The governor’s provincial view of education even extended to legislation. While Brown was all too willing to open up the state’s budget reserves to invest $78.4 billion in K-12 education and a $2 billion bond in housing initiatives, both in this year alone, he refused to pass bills such as a 2016 assembly bill that would have created a state grant program to fund California universities’ mental health services.

Even apparently costless efforts for the state government were arbitrarily vetoed by the governor. State bills requiring additional reporting on the outcomes of assault investigations and minimum penalties for those found to have committed sexual assault, legislation requiring the UC and California State University provide on-campus access to abortion pills and legislation requiring state universities hire enough mental health staff met his disapproval.

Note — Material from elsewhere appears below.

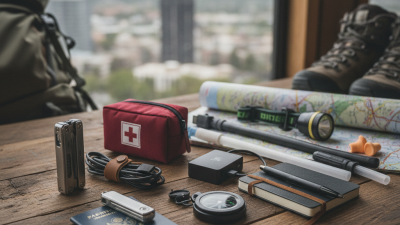 Top 10 Travel Kit Essentials for Every Adventurer?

Among his reasons: his belief that students could easily access off-campus facilities seven miles away and that universities should be given financial independence. Those are rich words coming from Brown.

Certainly, Brown has exercised a harsh pragmatism, which has helped him to steer California into the black and accumulate a multibillion rainy day fund. But the governor’s matter-of-factness came with a price: Students have seen increasing housing fees thanks to Brown’s enrollment ultimatums. The UC has raised tuition for California residents by nearly 6 percent and nonresident tuition by nearly 9 percent since 2016. Student fees have been jacked up to support mental health counseling and food closet services the state has turned a blind eye to.

So yes, California’s 39th governor ensured the state a future. But it came at the cost of countless students and the state’s youth.